I chose Docker for my project with hope that it would help me create an easily reproducible development environment... And I'm not really sure if it was a good idea. There's so many moving parts and I can't name one that actually works well. Configuring storage is a hell (running out of disk space can lead to errors that are really difficult to debug), the dance with bridges makes configuring firewall a terrible experience. I definitely wouldn't recommend it as a stable container solution.
I totally agree. Docker feels really tidy conceptually. I ended up somehow convincing myself that adding this extra layer of technology into my (relatively tiny) infrastructure will decrease it's complexity. Unsurprisingly, the effect was the exact opposite.
I've been enjoying Nixos[0] and hope to try Nixops[1] soon. The difference between Nixos and docker is that nixos makes it possible to have a truly reproducible environment. See the surprisingly readable paper[2] for more details.
I feel the exact opposite! The Dockerfile is a simple way to define my environment and it's trivial to run the app in either development, QA, or production. Throw in some of the other functionality such as being able to deploy from an image rather than having to rebuild each time, and it's been a productive addition to my toolset. I'm guessing it depends on how complex your application is, but I've found it fantastic for running Python (Flask), PostgreSQL/PostGIS, MapServer, and some other smaller applications.
It's not an image in the sense that you can run updates/installs and strip out the crap associated with that but it's so trivial to run "images" that the benefits far outweigh the additional disk space for our use cases.
You might want to try out SmartOS: one .json file, vmadm(1M) and imgadm(1M) commands later, you'll have a fully isolated UNIX server, running at the speed of bare metal and residing on ZFS, protecting your data. If you need a more complex network setup, dladm(1M) will enable you to configure virtual switches and routers. The manual pages are really good, too. And there is nothing to install, as SmartOS runs from memory, so that all storage in the system can be used for virtual servers.
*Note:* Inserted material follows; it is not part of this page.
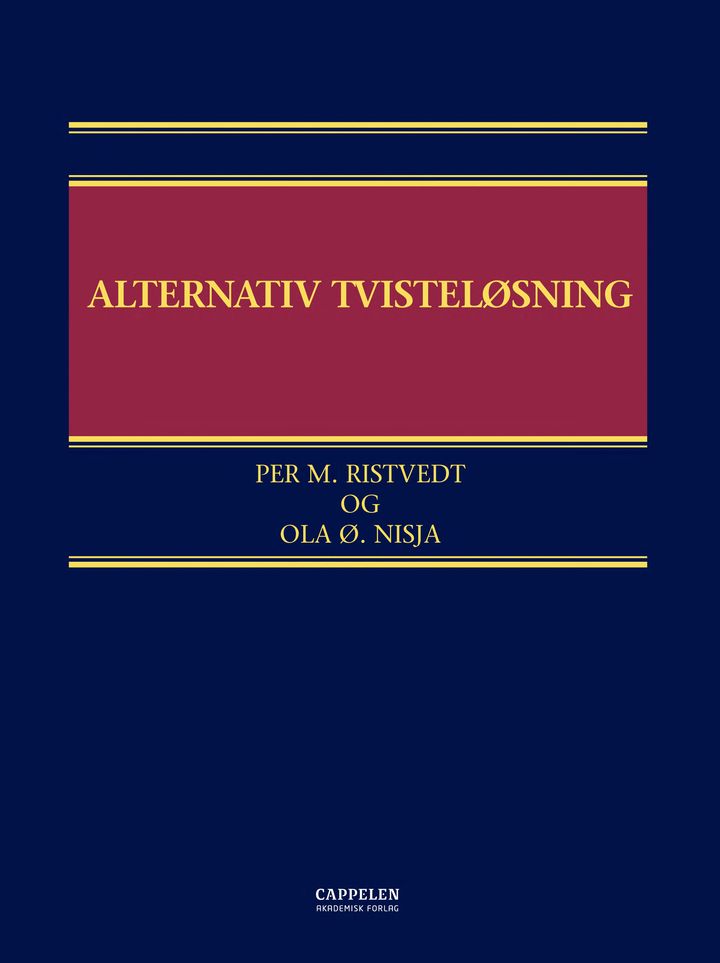bokomslag: Alternativ tvisteløsning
Upgrades are a breeze by just booting into a new image, either from USB or PXE booting from the network.
I also didn't get the point of Docker until a few months ago when I got acquainted with Kubernetes (K8s) and Rancher.
It doesn't really make sense to use Docker without some sort of distributed scheduling/orchestration system like Kubernetes, Docker Swarm or Mesos.
I think the first few years of Docker were just pointless but I genuinely feel that it is all starting to come together now.
Docker 1.12 looks promising on the orchestration front - Hopefully they will back all these new features with thorough documentation (which I found lacking in Swarm when compared to K8s).
It looks like Swarm is just following in K8s' footsteps and maybe even improving things along the way.
Based on what I just read, it looks like Docker Swarm might finally be a serious contender to K8s.
From my experience with Docker one should just avoid docker-supplied volumes and manage the storage oneself using host bind mounts for containers and consistently using --read-only for containers themselves.
With that it is really weired to read all complains and issues about volumes management. It seems Docker just picked up wrong model for their storage. Then they try forever to fix impedance mismatch between that model and how people want to use Docker.
Care to clarify issues you have with volume management?
I think the biggest issue is around the `-v` syntax (and the corrosponding API).
In the UX we call things a volume which are actually a mount (which happen to use a volume).
I like the way we have implemented this in the new services API.... `docker run --mount type=volume,source=important_data,volume-driver=foo,volume-options=...`
For me the biggest issue with docker volumes is lack of any notion of subvolumes or volume grouping. Consider an application consisting of few containers communicating over unix sockets each with its own state. Surely I can create a bunch of volumes for the containers, but those would not have any notion of grouping. That complicates administration and development.
For example, it is very useful to have a shell view of all volumes for the application to poke inside or debug issues. Surely I can do docker run ubuntu and mount all relevant volumes under /mnt there, but that is not user friendly.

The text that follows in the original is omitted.